Una folla di fedeli si è radunata presso la Cattedrale della Diocesi di Oppido Mamertina – Palmi, nella serata di ieri, per assistere alla celebrazione della Cerimonia Mariana in occasione della consegna della statua della Madonna di Fatima e dell’anniversario dell’Ordinazione Episcopale di S.E. Mons. Francesco Milito. Una cerimonia di grande solennità e profondità che ha toccato nel profondo i fedeli ed i devoti Mariani. Una serata toccata in modo particolare dalle ricorrenze. Oltre a quella dell’Ordinazione Episcopale di Mons. Milito, infatti, la giornata di ieri rappresentava anche la ricorrenza centenaria delle apparizioni dell’Angelo ai tre pastorelli di Fatima, in preparazione alle visite della Vergine Maria. Particolarmente toccante il momento che ha seguito la recita del Magnificat. Il momento della lettura, da parte di alcuni giovanissimi, di alcuni brani tratti dalle Memorie di Suor Lucia.

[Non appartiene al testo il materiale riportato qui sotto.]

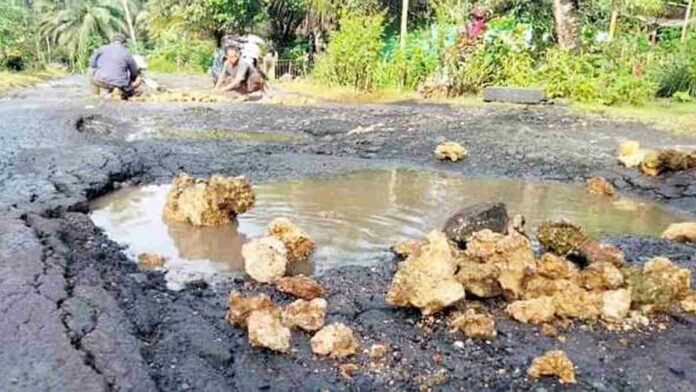Kondisi Jalan Kabupaten di Cimerak Pangandaran Rusak Parah
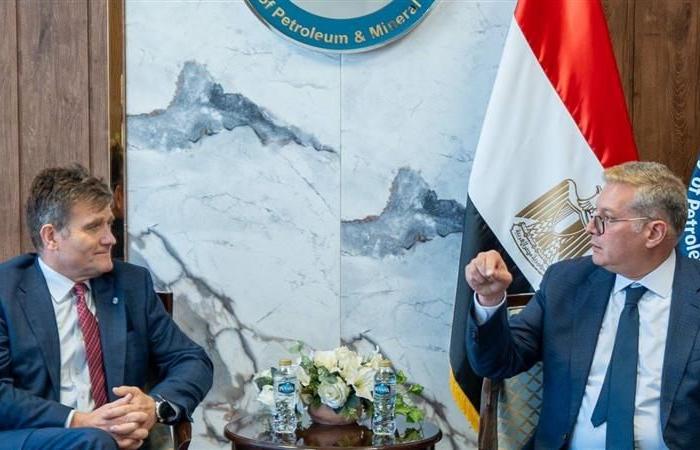بالبلدي : «بي
      بي»
      تضخ
      700
      مليون
      دولار
      لحفر
      4
      آبار
      في
      مصر..
      «فيوم
      4»
      يبدأ
      إنتاج
      80
      مليون
      قدم
      مكعب
      غاز
      يوميًا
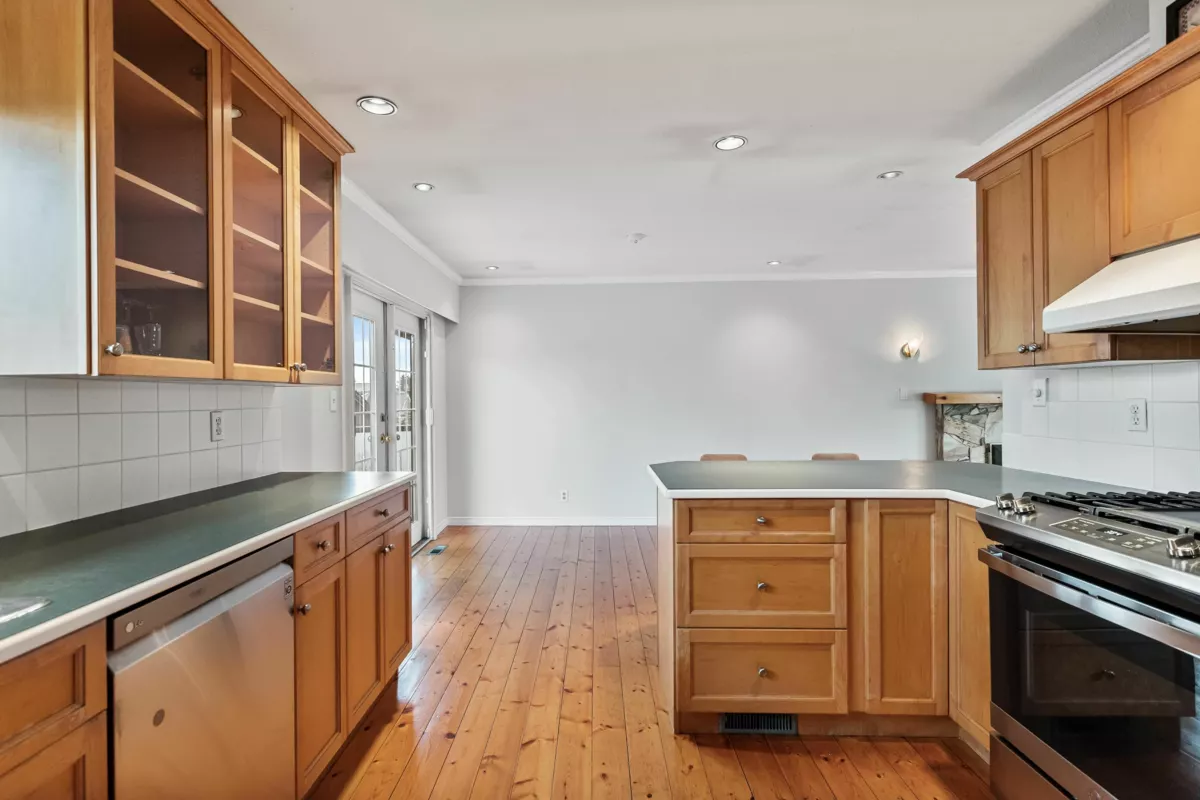 Powder Room Photo of 1430 Maple Street, White Rock, BC
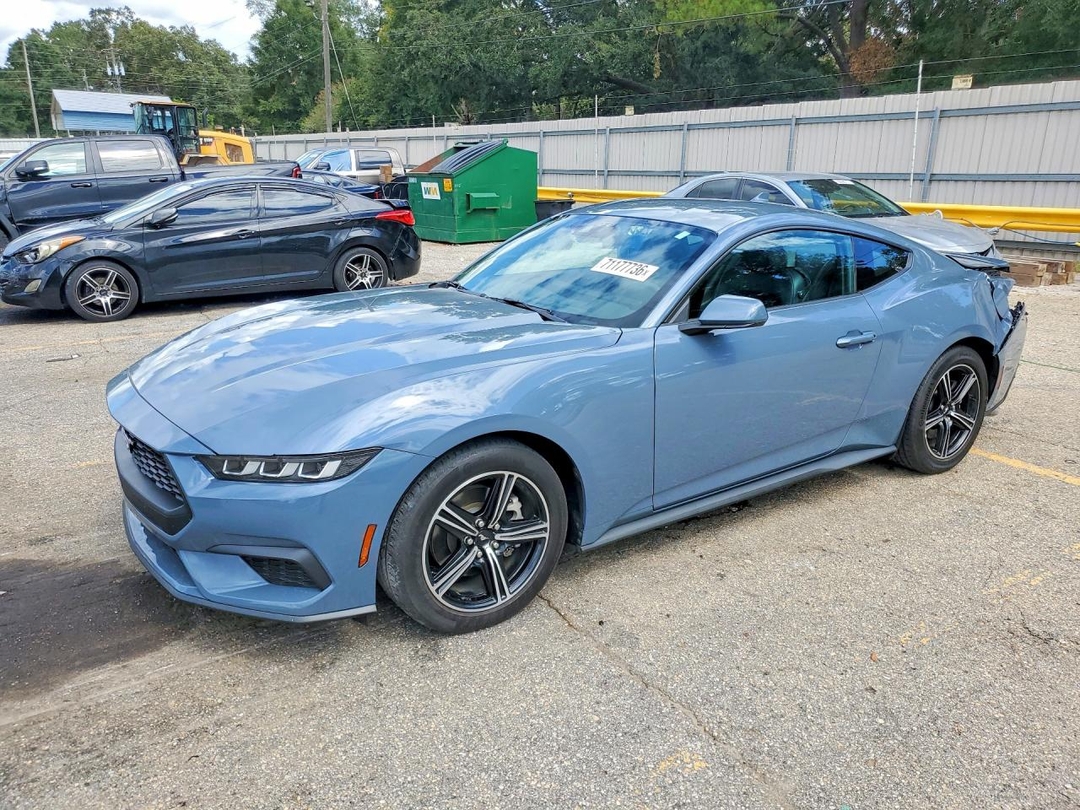 Vue de 2024 FORD MUSTANG, angle 1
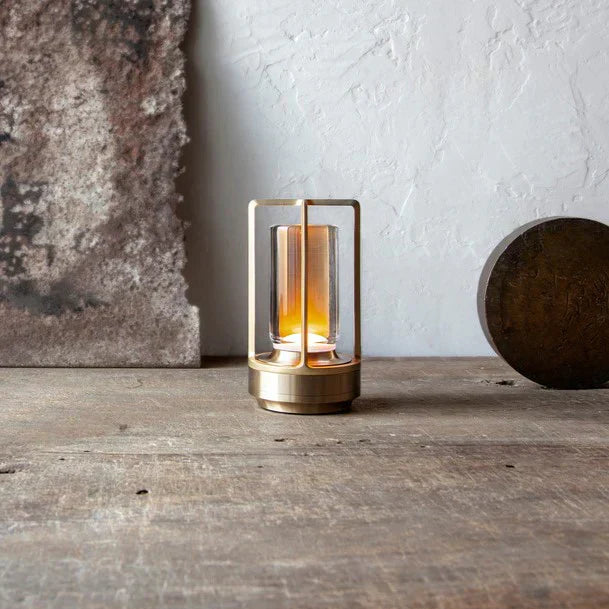 Skandinavisk trådlös uppladdningsbar snygg LED-bordslampa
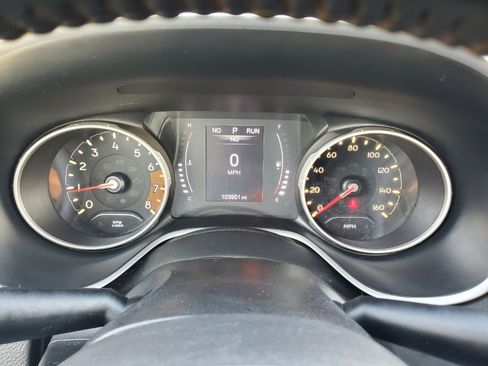 Used 2018 Jeep Compass Latitude image 33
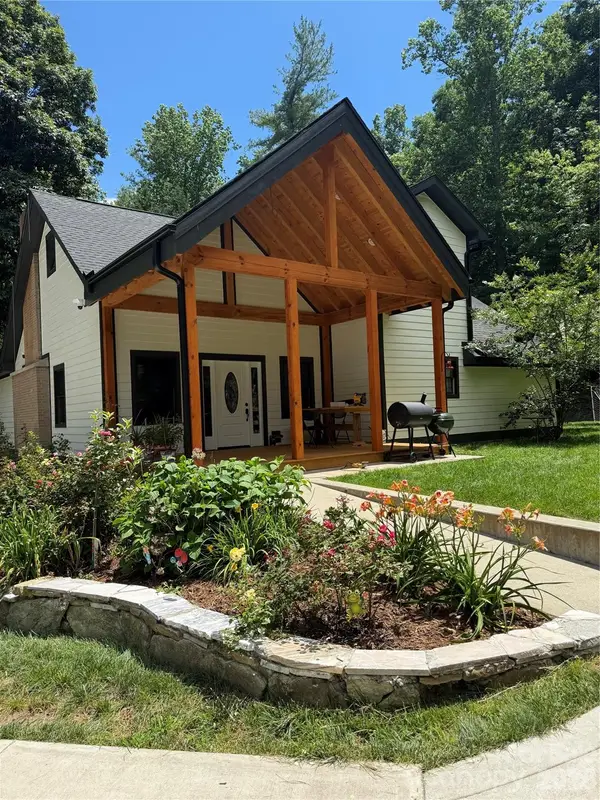 86 Holiday Drive, Hendersonville, NC 28739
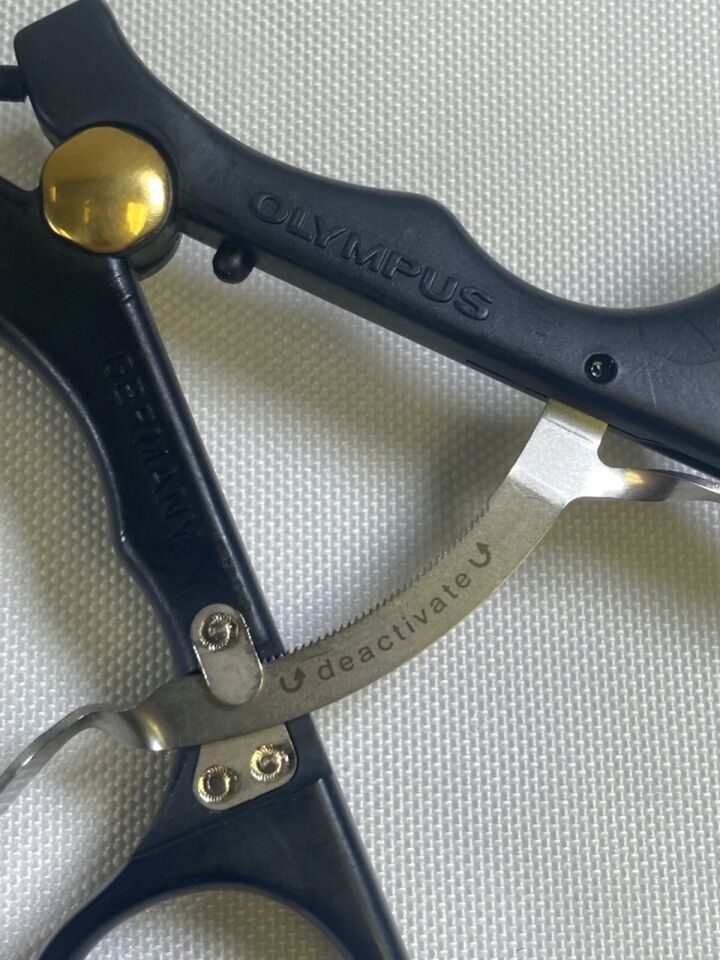 OLYMPUS A6998 Ratcheting Rotating 10mm x 36cm 2x3 Laparoscopic Claw Grasper — photo 2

Durante la sua omelia, Mons. Milito ha dunque ripercorso i passaggi di queste apparizioni «I Tre pastorelli giocano, badano al gregge. Ma, lentamente, cominciano ad avvertire qualcosa nel loro profondo. Tutto ciò culmina con l’apparizione di questa figura che Lucia riconosce come l’Angelo e che lì introdurrà progressivamente a quella che sarà la straordinaria apparizione della Madonna». Sarà proprio colui che si presenterà come l’Angelo della Pace ad introdurre i tre pastorelli alla preghiera ed al sacrificio. Mons. Milito ha poi spiegato le tre consegne che da quegli avvenimenti giungono fino a noi: «Tre consegne fondamentali e di cui tutti dobbiamo far tesoro: La preghiera, la penitenza e la riparazione». Così come Lucia, Giacinta e Francesco fecero dopo esser stati esortati dall’Angelo, è oggi nostro dovere pregare per coloro i quali sono peccatori e vivono lontani da Cristo. «La preghiera autentica – Spiega Mons. Milito – va di pari passo con la pratica. Pregate e fate penitenza». Ciascuno di noi ha il dovere di fare penitenza; «Essa – prosegue Mons. Milito – ha diversi volti, è necessario che ognuno trovi la propria dimensione di penitenza, viverla per come si è capaci, con amore e devozione». Infine la riparazione, parte fondamentale delle consegne lasciate ai tre ragazzini di Fatima dall’Angelo della Pace che, secondo quanto riportato nelle memorie di Suor Lucia, disse loro: «Prendete e bevete il Corpo e Sangue di Gesù Cristo, orribilmente oltraggiato dagli uomini ingrati. Riparate i loro crimini e consolate il vostro Dio». Parole riprese anche da Mons. Milito nel corso dell’omelia, durante la quale ha esortato: «Cercate di riparare ciò che è stato guastato da altri. Sopraggiungete dove qualcuno ha guastato».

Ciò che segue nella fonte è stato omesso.